Records from a dataset:
-------------------------
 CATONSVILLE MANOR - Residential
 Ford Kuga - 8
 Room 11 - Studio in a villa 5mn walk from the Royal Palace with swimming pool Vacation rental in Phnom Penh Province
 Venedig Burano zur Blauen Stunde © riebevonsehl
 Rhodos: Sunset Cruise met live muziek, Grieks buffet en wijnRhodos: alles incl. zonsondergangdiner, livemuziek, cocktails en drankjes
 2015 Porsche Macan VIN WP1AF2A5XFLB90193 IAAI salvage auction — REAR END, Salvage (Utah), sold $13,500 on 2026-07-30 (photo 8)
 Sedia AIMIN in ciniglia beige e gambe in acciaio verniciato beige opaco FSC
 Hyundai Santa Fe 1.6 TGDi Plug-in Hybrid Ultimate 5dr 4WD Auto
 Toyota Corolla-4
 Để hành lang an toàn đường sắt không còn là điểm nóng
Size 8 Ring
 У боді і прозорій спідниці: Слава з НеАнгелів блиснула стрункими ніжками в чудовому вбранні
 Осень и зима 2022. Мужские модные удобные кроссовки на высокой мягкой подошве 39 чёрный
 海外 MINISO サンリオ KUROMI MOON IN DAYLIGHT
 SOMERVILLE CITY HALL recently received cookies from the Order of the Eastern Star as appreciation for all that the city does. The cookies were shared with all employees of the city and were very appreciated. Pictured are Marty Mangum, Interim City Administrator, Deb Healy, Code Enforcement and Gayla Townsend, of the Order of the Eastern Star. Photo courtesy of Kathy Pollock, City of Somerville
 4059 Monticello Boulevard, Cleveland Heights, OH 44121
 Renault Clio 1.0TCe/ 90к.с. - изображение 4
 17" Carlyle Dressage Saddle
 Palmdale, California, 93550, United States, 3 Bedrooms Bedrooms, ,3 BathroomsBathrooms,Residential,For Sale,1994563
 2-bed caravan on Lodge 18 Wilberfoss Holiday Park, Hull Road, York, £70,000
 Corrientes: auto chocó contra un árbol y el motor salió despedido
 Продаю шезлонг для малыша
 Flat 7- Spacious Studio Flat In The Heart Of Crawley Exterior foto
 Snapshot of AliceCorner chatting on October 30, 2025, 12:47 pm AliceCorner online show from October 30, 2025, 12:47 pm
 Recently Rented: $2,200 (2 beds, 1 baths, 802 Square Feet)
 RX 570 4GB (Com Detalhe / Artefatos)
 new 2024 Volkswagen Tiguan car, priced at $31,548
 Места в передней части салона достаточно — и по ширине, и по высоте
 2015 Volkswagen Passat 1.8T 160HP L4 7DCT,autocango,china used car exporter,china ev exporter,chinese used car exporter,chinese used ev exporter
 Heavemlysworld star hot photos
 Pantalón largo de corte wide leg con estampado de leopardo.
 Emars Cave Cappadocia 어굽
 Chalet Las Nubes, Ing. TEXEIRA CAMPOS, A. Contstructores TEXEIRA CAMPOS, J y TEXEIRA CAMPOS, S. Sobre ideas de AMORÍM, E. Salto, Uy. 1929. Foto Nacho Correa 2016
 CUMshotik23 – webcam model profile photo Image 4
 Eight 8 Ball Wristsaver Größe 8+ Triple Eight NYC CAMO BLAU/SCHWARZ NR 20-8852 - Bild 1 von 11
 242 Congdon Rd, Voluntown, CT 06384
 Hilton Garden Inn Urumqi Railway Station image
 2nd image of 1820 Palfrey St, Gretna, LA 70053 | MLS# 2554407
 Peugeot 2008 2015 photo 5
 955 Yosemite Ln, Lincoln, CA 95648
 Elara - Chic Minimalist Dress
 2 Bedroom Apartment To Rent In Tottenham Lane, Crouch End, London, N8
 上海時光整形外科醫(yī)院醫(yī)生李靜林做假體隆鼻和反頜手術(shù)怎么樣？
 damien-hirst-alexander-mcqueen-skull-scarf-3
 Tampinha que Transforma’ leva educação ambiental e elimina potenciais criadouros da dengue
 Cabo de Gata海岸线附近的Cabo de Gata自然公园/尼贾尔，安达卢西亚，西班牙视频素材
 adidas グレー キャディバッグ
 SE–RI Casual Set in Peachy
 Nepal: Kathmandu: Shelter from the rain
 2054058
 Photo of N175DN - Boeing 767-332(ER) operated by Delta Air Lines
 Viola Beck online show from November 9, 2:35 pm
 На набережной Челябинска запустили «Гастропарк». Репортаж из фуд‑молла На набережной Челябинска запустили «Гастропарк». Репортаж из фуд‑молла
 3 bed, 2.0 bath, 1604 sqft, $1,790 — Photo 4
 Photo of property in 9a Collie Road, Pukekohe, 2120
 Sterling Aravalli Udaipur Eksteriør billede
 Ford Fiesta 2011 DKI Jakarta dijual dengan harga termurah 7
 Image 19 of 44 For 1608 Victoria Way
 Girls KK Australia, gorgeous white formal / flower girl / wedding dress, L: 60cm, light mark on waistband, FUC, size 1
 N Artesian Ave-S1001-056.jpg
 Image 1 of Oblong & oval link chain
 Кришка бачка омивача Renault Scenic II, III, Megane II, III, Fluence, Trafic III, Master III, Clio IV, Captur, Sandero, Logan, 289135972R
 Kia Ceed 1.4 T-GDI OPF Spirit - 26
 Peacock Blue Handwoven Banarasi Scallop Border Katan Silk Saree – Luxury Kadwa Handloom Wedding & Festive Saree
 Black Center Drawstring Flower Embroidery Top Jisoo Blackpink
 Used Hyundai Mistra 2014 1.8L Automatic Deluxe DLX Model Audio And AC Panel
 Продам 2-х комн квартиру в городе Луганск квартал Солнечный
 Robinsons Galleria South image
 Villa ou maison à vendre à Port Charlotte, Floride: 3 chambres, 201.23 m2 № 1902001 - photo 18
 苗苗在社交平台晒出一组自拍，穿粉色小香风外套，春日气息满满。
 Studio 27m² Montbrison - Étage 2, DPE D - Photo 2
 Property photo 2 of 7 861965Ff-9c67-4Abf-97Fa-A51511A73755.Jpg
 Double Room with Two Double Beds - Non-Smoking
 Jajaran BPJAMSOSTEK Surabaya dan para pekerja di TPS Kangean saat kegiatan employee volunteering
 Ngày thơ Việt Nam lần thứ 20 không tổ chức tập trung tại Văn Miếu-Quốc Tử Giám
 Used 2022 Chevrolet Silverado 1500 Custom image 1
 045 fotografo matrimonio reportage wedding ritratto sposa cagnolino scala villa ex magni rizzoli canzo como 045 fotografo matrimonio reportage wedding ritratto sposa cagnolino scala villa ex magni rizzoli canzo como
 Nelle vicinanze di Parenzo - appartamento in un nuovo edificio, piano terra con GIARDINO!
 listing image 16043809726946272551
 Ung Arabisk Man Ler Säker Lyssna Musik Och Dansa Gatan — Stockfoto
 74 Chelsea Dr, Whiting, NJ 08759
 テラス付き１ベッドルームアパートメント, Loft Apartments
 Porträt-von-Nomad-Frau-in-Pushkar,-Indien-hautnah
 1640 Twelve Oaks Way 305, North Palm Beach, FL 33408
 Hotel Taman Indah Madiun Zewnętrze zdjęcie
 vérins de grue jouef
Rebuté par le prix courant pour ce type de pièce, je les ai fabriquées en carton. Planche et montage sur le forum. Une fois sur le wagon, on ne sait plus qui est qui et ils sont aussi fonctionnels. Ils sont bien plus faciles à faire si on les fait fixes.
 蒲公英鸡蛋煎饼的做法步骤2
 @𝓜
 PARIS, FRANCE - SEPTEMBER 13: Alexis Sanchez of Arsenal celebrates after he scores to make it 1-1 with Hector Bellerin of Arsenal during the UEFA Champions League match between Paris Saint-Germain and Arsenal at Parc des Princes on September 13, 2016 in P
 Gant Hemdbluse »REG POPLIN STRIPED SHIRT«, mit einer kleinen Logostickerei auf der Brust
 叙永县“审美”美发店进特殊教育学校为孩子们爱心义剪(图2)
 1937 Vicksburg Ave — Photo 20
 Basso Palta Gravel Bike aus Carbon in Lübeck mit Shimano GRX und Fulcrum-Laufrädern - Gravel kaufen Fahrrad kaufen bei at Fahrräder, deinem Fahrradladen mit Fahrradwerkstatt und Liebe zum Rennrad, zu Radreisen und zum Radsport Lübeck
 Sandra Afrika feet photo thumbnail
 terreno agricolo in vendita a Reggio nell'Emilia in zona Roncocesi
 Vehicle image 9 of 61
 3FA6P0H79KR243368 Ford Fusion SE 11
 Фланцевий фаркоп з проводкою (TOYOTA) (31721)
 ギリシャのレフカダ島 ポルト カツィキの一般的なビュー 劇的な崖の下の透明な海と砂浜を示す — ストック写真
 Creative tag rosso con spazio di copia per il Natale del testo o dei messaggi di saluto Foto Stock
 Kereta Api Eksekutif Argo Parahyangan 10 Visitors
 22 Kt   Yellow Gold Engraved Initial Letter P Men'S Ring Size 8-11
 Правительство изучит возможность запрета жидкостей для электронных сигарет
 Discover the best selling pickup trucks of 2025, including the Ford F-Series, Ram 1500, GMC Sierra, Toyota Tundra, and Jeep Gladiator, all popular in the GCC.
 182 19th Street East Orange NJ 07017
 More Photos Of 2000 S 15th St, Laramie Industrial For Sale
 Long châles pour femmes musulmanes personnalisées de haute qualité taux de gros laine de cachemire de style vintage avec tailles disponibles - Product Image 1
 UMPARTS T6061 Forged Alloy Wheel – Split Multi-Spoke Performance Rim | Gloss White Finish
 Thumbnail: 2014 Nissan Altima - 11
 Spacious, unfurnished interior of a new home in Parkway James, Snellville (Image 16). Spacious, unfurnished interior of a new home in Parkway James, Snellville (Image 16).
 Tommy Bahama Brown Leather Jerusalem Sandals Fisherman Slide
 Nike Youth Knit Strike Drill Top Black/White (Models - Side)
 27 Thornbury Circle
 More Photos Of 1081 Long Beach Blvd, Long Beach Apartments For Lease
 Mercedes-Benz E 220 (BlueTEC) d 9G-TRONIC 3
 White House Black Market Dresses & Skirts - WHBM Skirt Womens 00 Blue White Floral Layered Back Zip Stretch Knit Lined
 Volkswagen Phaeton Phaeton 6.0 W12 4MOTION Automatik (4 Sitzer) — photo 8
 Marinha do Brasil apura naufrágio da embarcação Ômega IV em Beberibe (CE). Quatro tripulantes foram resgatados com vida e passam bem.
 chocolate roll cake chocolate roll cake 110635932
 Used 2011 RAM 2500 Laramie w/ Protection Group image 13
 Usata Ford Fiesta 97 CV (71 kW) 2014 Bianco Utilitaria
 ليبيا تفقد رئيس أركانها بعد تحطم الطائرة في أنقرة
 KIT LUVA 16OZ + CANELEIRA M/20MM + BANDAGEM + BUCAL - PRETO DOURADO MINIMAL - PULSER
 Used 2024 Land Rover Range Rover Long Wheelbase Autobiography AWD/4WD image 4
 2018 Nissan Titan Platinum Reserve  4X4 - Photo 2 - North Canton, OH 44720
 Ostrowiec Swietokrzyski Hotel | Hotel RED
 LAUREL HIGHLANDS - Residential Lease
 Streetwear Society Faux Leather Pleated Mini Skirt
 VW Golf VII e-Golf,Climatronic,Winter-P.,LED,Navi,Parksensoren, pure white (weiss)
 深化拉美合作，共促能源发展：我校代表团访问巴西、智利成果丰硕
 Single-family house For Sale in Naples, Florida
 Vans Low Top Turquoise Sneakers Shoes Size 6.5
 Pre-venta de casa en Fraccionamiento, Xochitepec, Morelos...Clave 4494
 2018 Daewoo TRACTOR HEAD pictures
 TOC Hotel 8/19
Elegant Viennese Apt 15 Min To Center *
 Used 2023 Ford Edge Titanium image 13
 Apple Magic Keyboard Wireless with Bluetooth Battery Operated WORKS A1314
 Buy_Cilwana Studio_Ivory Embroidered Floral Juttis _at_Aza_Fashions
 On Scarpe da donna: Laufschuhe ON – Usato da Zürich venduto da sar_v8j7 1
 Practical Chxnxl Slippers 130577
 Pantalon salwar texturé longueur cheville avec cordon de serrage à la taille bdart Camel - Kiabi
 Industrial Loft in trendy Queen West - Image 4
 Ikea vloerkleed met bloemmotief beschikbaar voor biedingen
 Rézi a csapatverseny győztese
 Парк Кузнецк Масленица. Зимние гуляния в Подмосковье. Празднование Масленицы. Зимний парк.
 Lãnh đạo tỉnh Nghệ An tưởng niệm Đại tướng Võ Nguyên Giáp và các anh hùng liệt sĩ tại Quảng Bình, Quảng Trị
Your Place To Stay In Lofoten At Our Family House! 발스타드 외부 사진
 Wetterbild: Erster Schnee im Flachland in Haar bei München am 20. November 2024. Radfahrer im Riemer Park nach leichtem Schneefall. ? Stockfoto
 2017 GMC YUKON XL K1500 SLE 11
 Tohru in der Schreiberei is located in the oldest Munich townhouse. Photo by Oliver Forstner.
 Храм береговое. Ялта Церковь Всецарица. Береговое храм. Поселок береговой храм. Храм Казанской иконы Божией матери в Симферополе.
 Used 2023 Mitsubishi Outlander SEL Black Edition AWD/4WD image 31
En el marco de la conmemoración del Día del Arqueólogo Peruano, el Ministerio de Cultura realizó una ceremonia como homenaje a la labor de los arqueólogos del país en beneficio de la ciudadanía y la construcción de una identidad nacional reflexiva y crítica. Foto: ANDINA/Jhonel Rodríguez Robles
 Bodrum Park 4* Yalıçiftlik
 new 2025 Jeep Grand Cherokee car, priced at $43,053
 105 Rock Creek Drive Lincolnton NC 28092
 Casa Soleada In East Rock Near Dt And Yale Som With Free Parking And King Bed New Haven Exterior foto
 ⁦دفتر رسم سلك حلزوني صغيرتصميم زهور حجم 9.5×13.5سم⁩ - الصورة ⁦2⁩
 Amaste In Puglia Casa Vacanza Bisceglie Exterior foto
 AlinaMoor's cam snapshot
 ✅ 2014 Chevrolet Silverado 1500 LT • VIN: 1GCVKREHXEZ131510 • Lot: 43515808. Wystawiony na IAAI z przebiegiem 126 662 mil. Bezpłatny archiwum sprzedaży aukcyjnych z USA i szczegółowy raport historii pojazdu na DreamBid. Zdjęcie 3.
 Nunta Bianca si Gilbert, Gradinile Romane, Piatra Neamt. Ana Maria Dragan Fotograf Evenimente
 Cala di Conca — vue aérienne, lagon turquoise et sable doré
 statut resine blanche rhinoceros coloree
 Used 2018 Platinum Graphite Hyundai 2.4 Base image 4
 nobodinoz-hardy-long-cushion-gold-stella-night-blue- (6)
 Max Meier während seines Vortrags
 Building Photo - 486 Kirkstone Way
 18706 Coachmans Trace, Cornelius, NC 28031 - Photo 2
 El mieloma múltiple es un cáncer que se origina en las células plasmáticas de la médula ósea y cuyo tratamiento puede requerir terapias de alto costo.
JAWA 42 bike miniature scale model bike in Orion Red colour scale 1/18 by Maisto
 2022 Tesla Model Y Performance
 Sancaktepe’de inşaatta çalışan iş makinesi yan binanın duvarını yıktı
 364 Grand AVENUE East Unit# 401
-------------------------
All lines above from the one containing "Nike Youth Knit" to the one containing "Single-family house For" must be repeated exactly, both lines included, and no others.

• _Result of this task_
 Nike Youth Knit Strike Drill Top Black/White (Models - Side)
 27 Thornbury Circle
 More Photos Of 1081 Long Beach Blvd, Long Beach Apartments For Lease
 Mercedes-Benz E 220 (BlueTEC) d 9G-TRONIC 3
 White House Black Market Dresses & Skirts - WHBM Skirt Womens 00 Blue White Floral Layered Back Zip Stretch Knit Lined
 Volkswagen Phaeton Phaeton 6.0 W12 4MOTION Automatik (4 Sitzer) — photo 8
 Marinha do Brasil apura naufrágio da embarcação Ômega IV em Beberibe (CE). Quatro tripulantes foram resgatados com vida e passam bem.
 chocolate roll cake chocolate roll cake 110635932
 Used 2011 RAM 2500 Laramie w/ Protection Group image 13
 Usata Ford Fiesta 97 CV (71 kW) 2014 Bianco Utilitaria
 ليبيا تفقد رئيس أركانها بعد تحطم الطائرة في أنقرة
 KIT LUVA 16OZ + CANELEIRA M/20MM + BANDAGEM + BUCAL - PRETO DOURADO MINIMAL - PULSER
 Used 2024 Land Rover Range Rover Long Wheelbase Autobiography AWD/4WD image 4
 2018 Nissan Titan Platinum Reserve  4X4 - Photo 2 - North Canton, OH 44720
 Ostrowiec Swietokrzyski Hotel | Hotel RED
 LAUREL HIGHLANDS - Residential Lease
 Streetwear Society Faux Leather Pleated Mini Skirt
 VW Golf VII e-Golf,Climatronic,Winter-P.,LED,Navi,Parksensoren, pure white (weiss)
 深化拉美合作，共促能源发展：我校代表团访问巴西、智利成果丰硕
 Single-family house For Sale in Naples, Florida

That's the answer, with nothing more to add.